GuessIt

Release v0.9.0 (Installation)

GuessIt is a python library that extracts as much information as possible from a video file.

It has a very powerful filename matcher that allows to guess a lot of metadata from a video using its filename only. This matcher works with both movies and tv shows episodes.

For example, GuessIt can do the following:

$ guessit "Treme.1x03.Right.Place,.Wrong.Time.HDTV.XviD-NoTV.avi"
For: Treme.1x03.Right.Place,.Wrong.Time.HDTV.XviD-NoTV.avi
GuessIt found: {
    [1.00] "mimetype": "video/x-msvideo",
    [0.80] "episodeNumber": 3,
    [0.80] "videoCodec": "XviD",
    [1.00] "container": "avi",
    [1.00] "format": "HDTV",
    [0.70] "series": "Treme",
    [0.50] "title": "Right Place, Wrong Time",
    [0.80] "releaseGroup": "NoTV",
    [0.80] "season": 1,
    [1.00] "type": "episode"
}

Filename matcher

The filename matcher is based on regular expressions and tree splitting to guess values from input filename.
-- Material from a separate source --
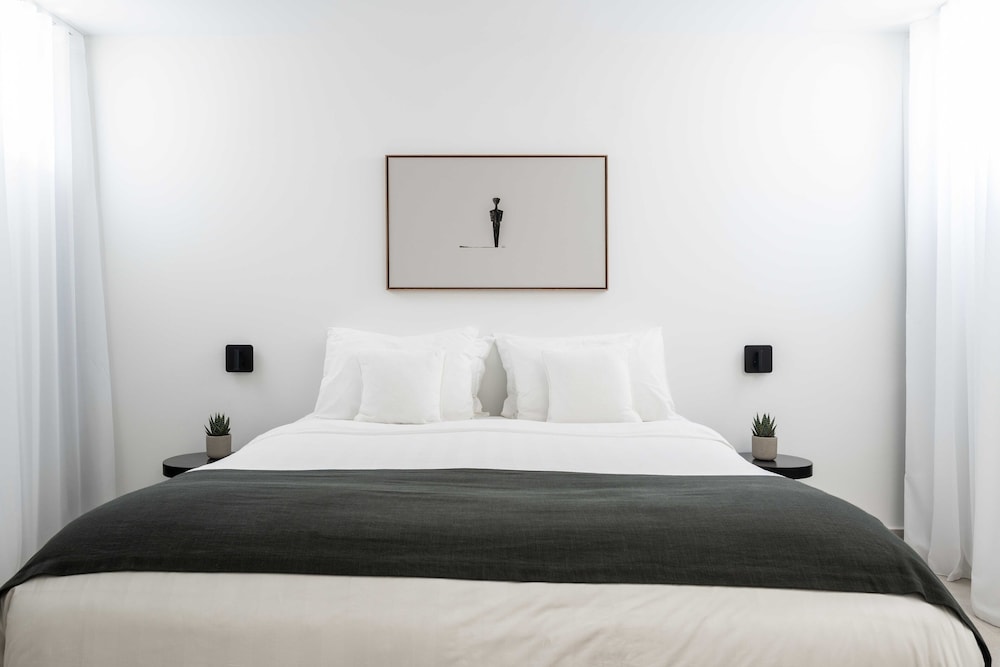 Rocabella Santorini Hotel & SPA — Hotel rooms in Imerovigli, South Aegean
It is able to find many properties, like title, year, series, episodeNumber, seasonNumber, videoCodec, screenSize, language. Guessed values are cleaned up and given in a readable format which may not match the raw filename.

DVDSCR will be guessed as format = DVD + other = Screener.
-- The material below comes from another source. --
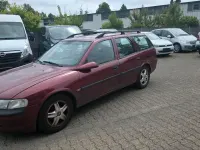 Gebraucht Opel Vectra 101 PS (74 kW) 1998 Violet Kombi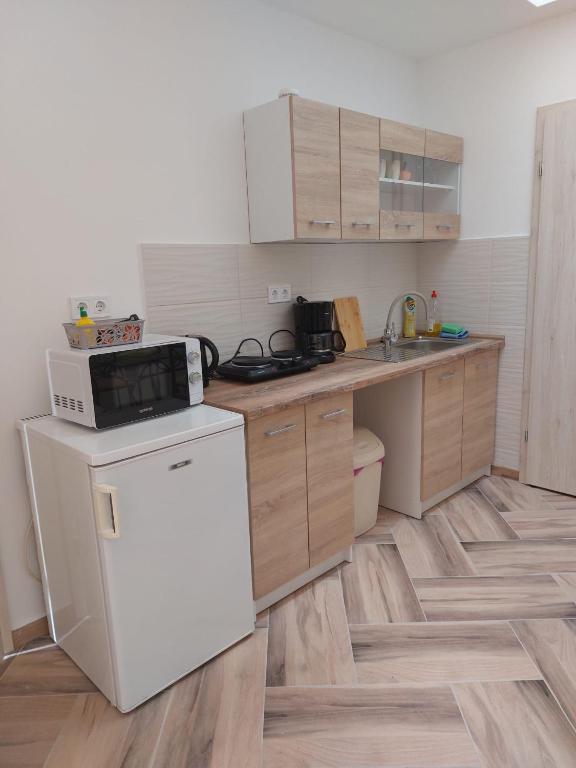 Kuchyňa alebo kuchynka v ubytovaní Szépasszonyvölgy Apartman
1920x1080 will be guessed as screenSize = 1080p.

DD5.1 will be guessed as audioCodec = DolbyDigital + audioChannel = 5.1.

Here’s the exhaustive list of properties that guessit can find:

Main properties

  • type

    Type of the file.

    • unknown, movie, episode, moviesubtitle, episodesubtitle
  • title

    Title of movie or episode.

  • container

    Container of the file.

    • 3g2, wmv, webm, mp4, avi, mp4a, mpeg, sub, mka, m4v, ts, mkv, ra, rm, wma, ass, mpg, ram, 3gp, ogv, mov, ogm, asf, divx, ogg, ssa, qt, idx, nfo, wav, flv, 3gp2, iso, mk2, srt
  • date

    Date found in filename.

  • year

    Year of movie (or episode).

  • releaseGroup

    Name of (non)scene group that released the file.

  • website

    Name of website contained in the filename.

Episode properties

  • series

    Name of series.

  • season

    Season number.

  • episodeNumber

    Episode number.

  • episodeList

    List of episode numbers if several were found.

    • note: If several are found, episodeNumber is the first item of this list.
  • seasonList

    List of season numbers if several were found.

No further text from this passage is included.